# UPDATE: 1 week



## finallyseewhy (May 1, 2010)

I hope this is OK to post here :scratchhead:It is really the only section I posted on here and I follow most of your you guys stories so I wanted to update what is going on in my life 

Well as some of you know about a week and half ago H started to talk about working on it and saying that he didn't want to 'work on it and not be here' I was hopeful but actions speak louder then words! He started texting/calling me non stop and we seemed to be reconnecting. It seemed like we were on the right track. Well 7 weeks EXACTLY to the day we separated H texted me at 3AM and asked if I was awake:sleeping: I told him I was and he asked if he could come over. He then called me and I could tell by his voice there was something up. 

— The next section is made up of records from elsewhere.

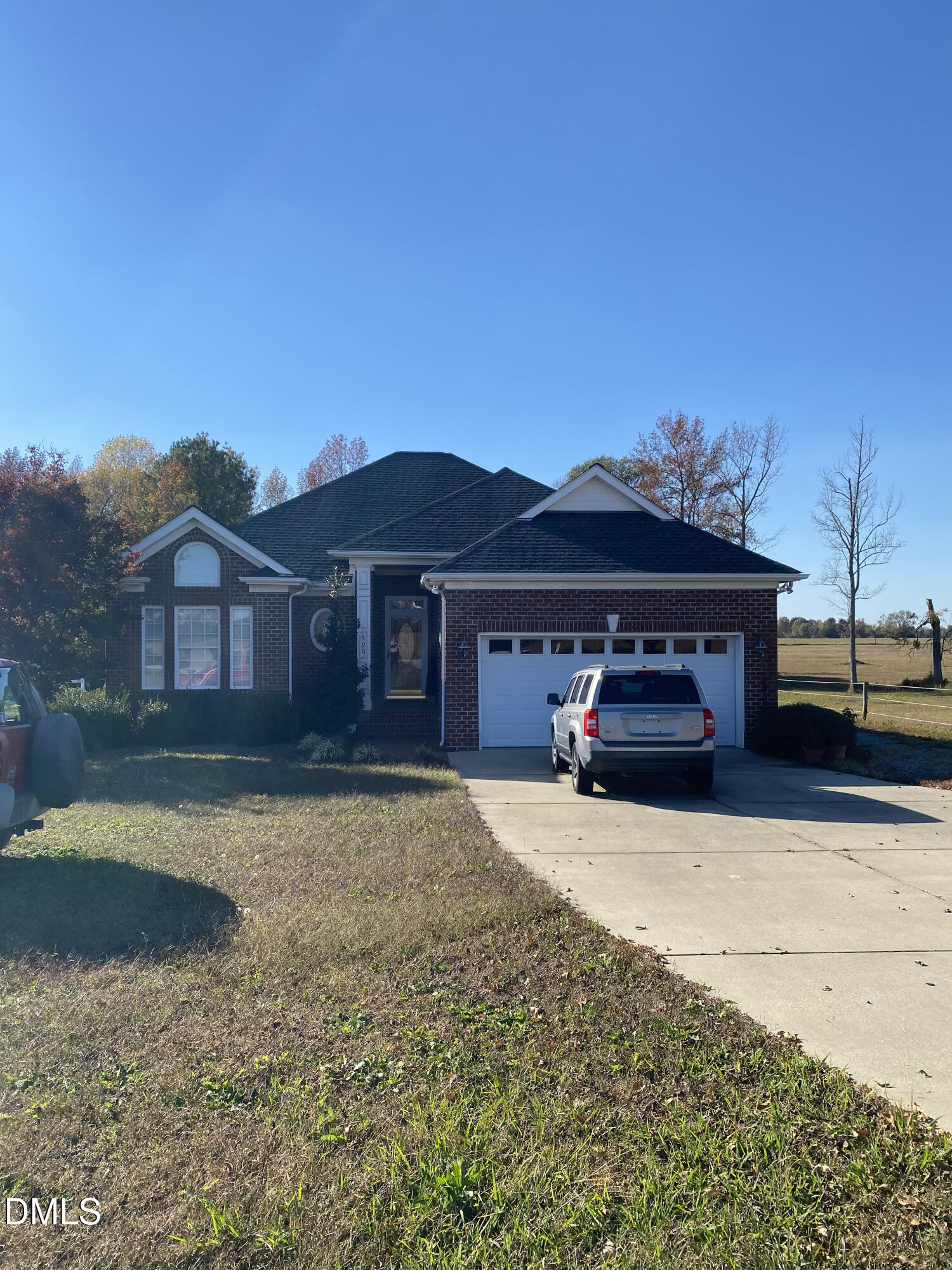 590 Hobson Road Dunn, NC 28334 - Photo 38 of 62 a view of a house with a yard and garage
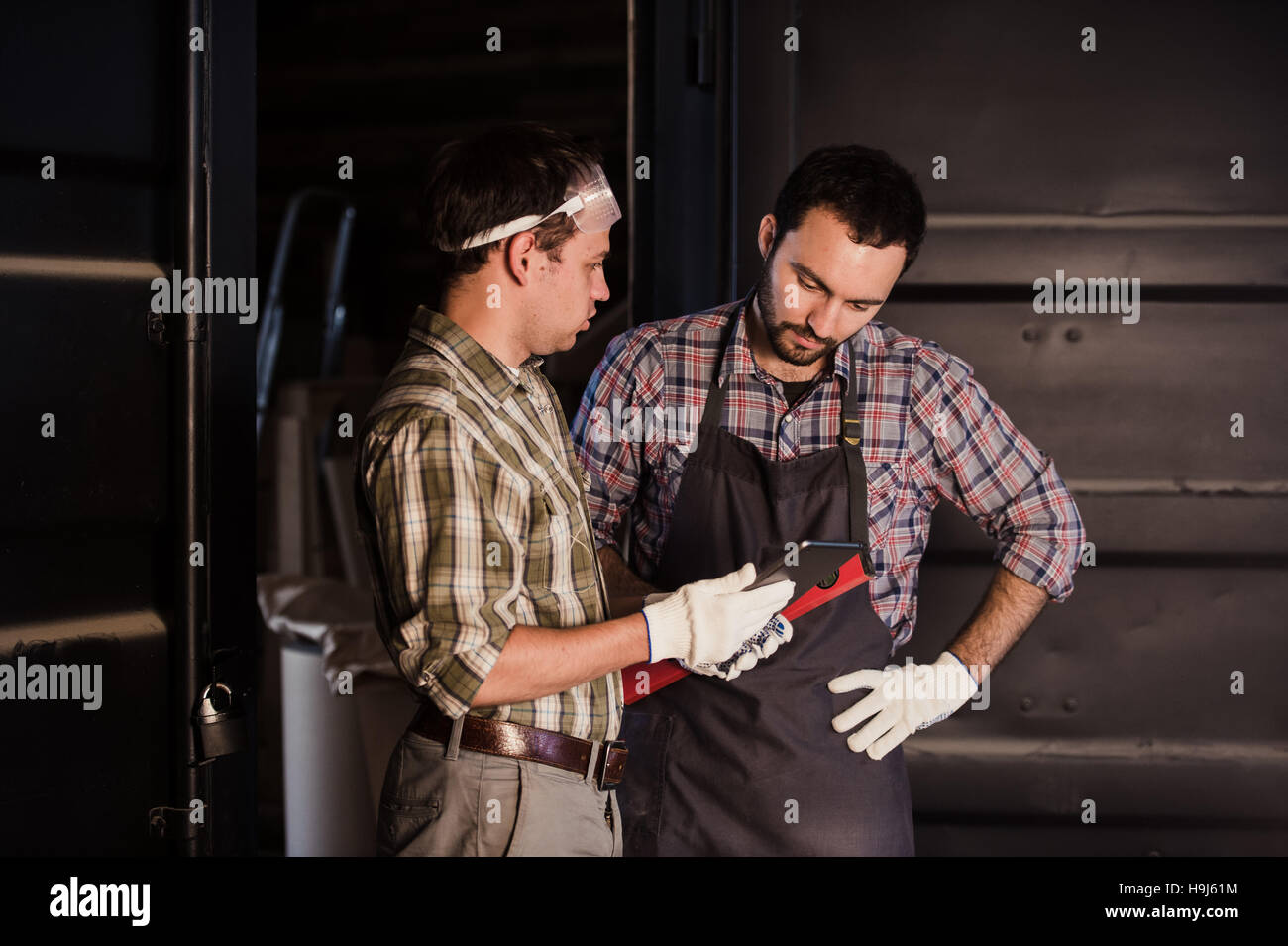 Profession, les hommes et la technologie concept - deux ouvriers avec tablette PC ordinateur en atelier Banque D'Images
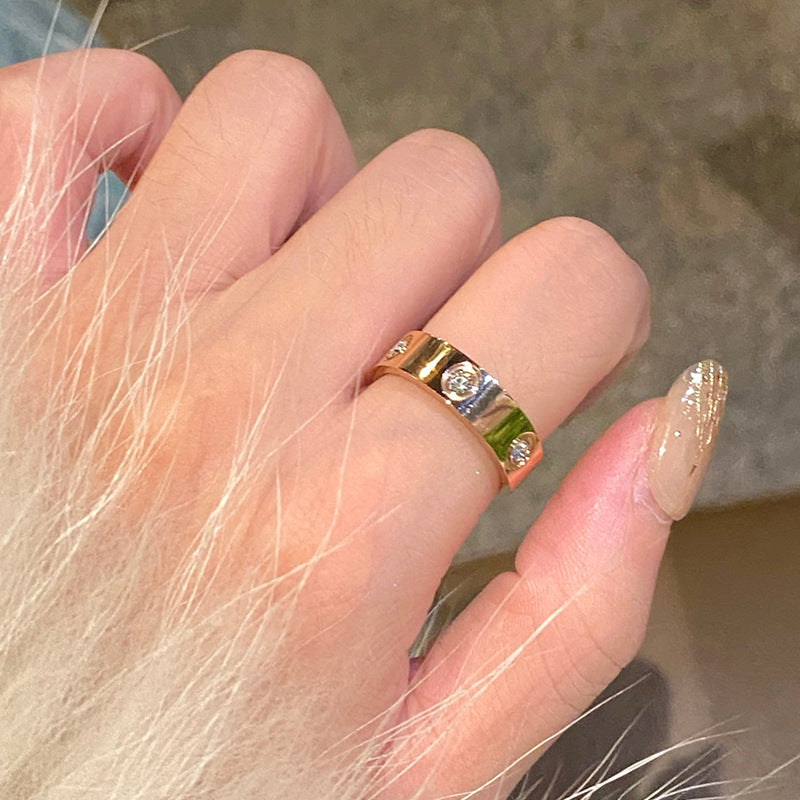 Six-Diamond Zircon Ring
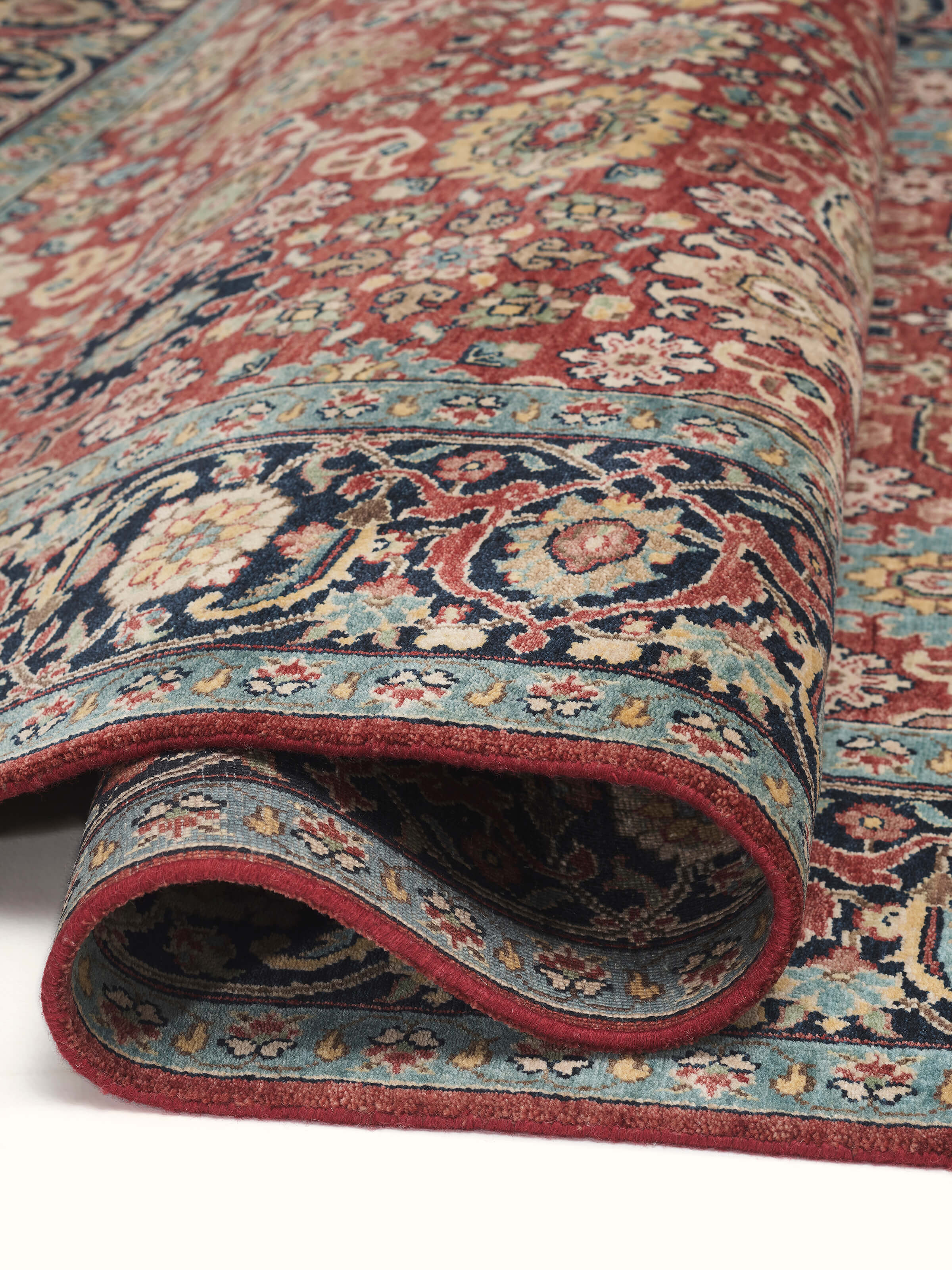 Detailed view of Traditional mahal red Bhadohi wool hand-knotted rug showing the rich colors and intricate patterns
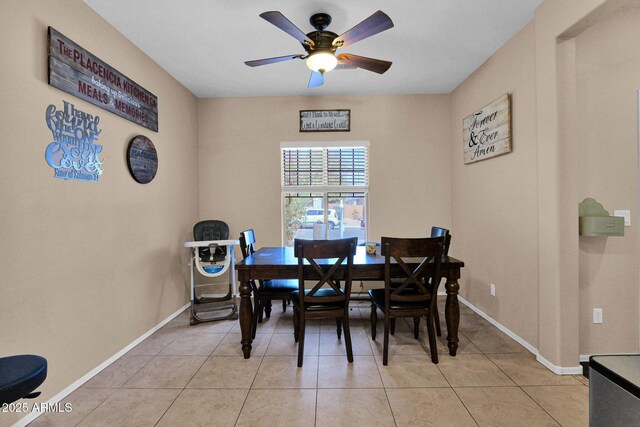 dining space featuring baseboards, ceiling fan, and light tile patterned flooring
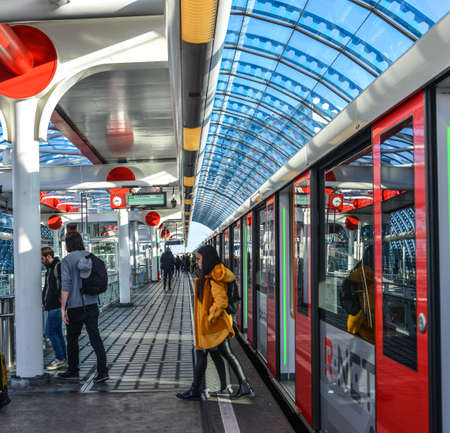 Amsterdam, Holland - Oct 7, 2018. Metro train at downtown in Amsterdam, Holland. Amsterdam known for its artistic heritage and narrow houses with gabled facades.のeditorial素材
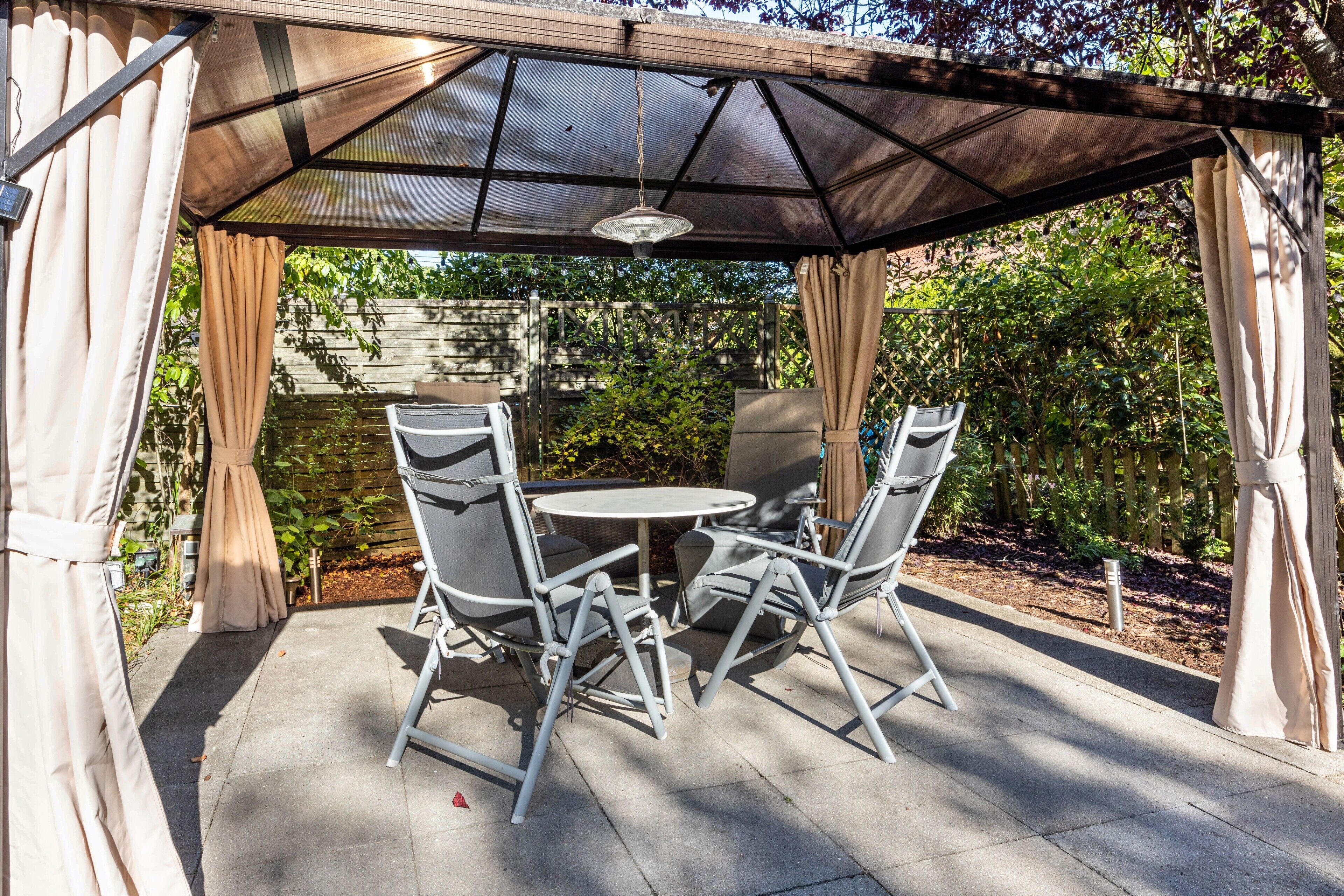 Une terrasse couverte avec une table et des chaises, un luminaire suspendu et une clôture en bois en arrière-plan.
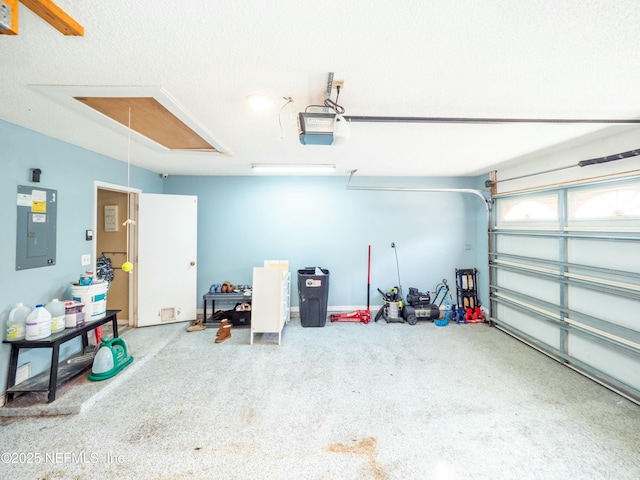 garage with a garage door opener and electric panel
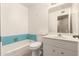 Vintage bathroom with a blue-tiled bathtub, toilet, and vanity with sink at 3632 W Mariposa St, Phoenix, AZ 85019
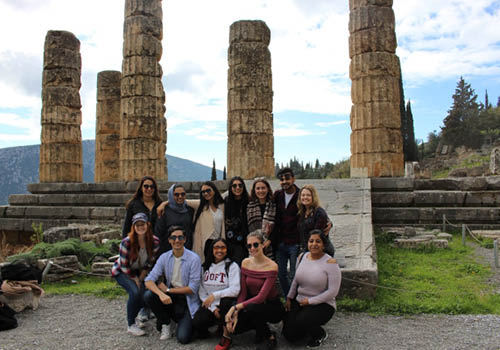 Students pose for a picture in-front of large stone pillars outside in Delphi, Greece.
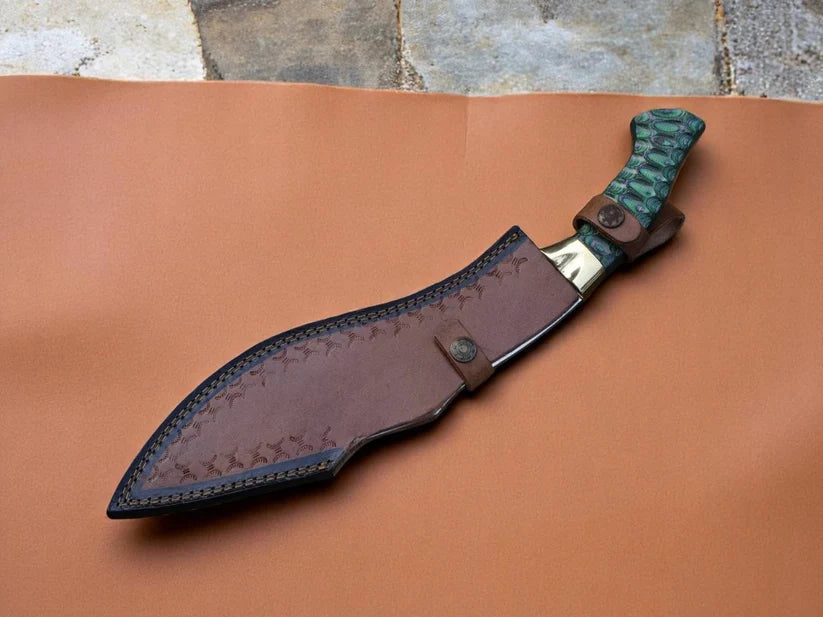 A fixed-blade knife with a textured green handle and a brown leather sheath, displayed diagonally on a sheet of brown leather with a stone floor in the background.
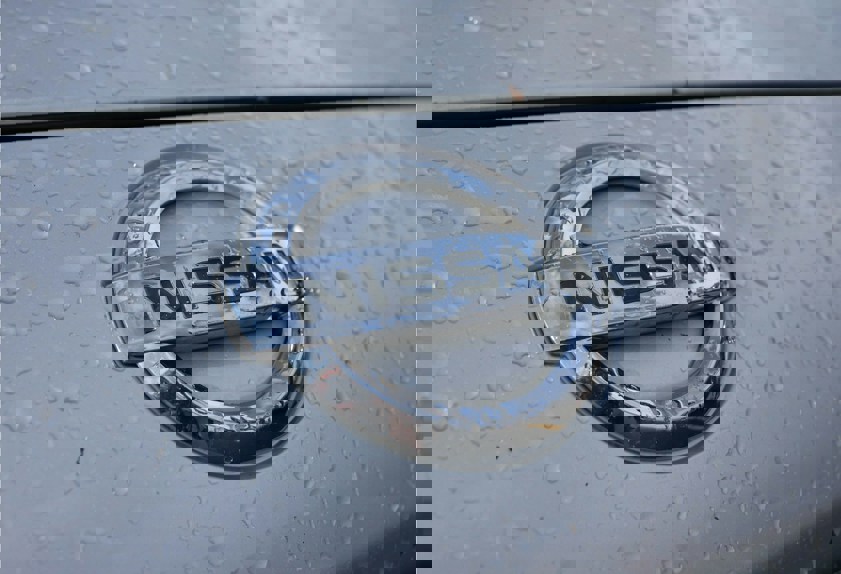 Silver Nissan logo on car
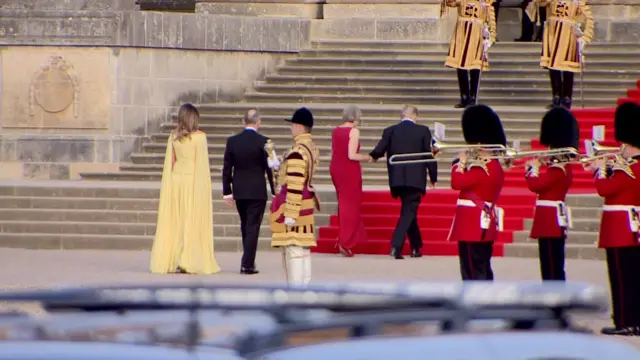 Theresa May holds Donald Trumps hand as he climbs the steps of the palace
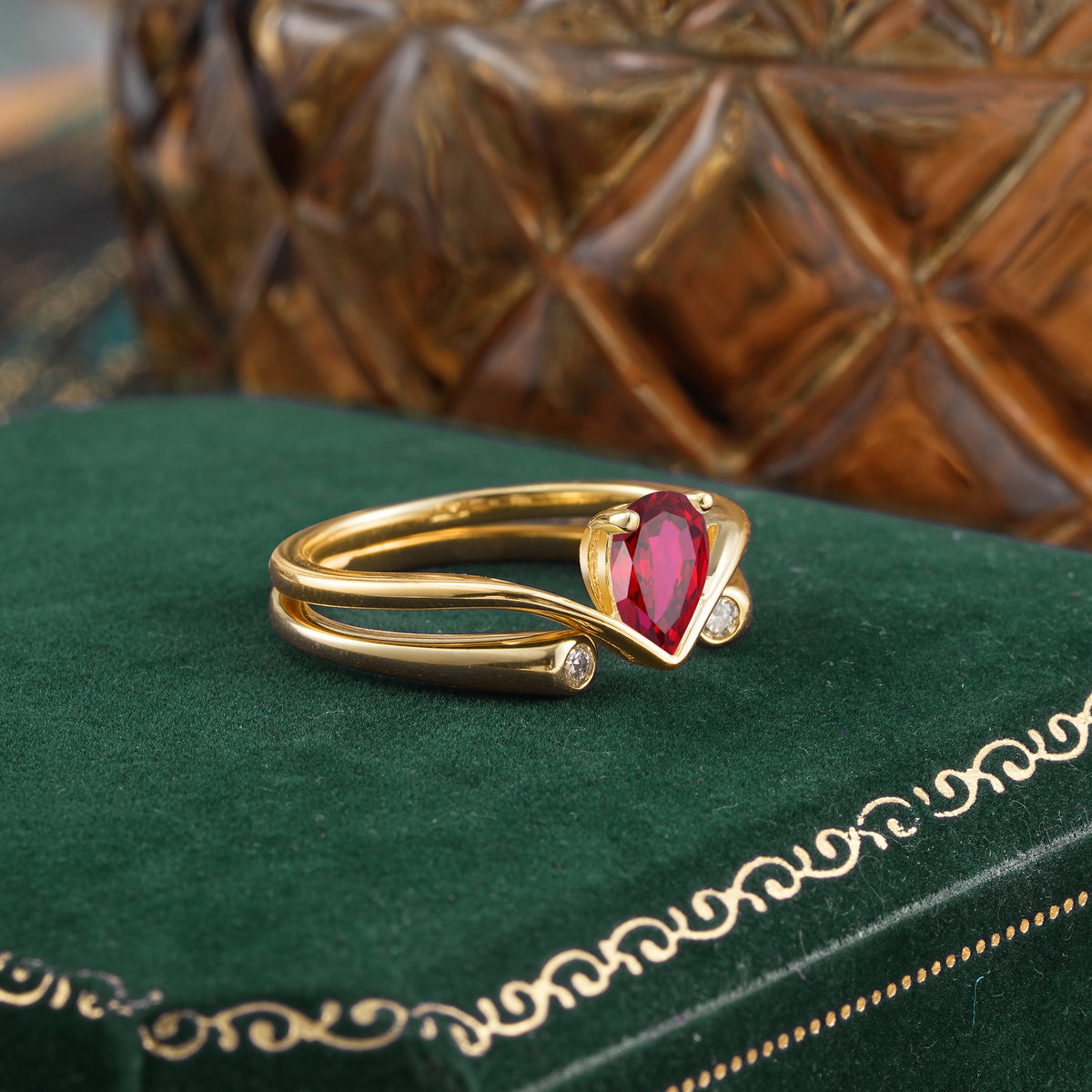 Elegant Pear Cut Ruby  with Curved Split Shank and Flanking Round Brilliant Accents Bridal Ring Set - Rose-Gold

He came over and our youngest woke up and we just laid in the bed together(all of us). Our youngest eventually went to sleep and we made love. Well after it was around 7AM and he had to get ready for work and he left and texted me something....I don't remember what it was  and I texted joking back that I was sorry that our youngest woke up and he told me, 'No, it helped' I texted back WHAT??? Then he told me that he wanted his family back and wanted to come home.

Well the next day he checked out of his extended stay hotel and came home. This last week has been somewhat of a blur of happiness, turning points, and emotions. 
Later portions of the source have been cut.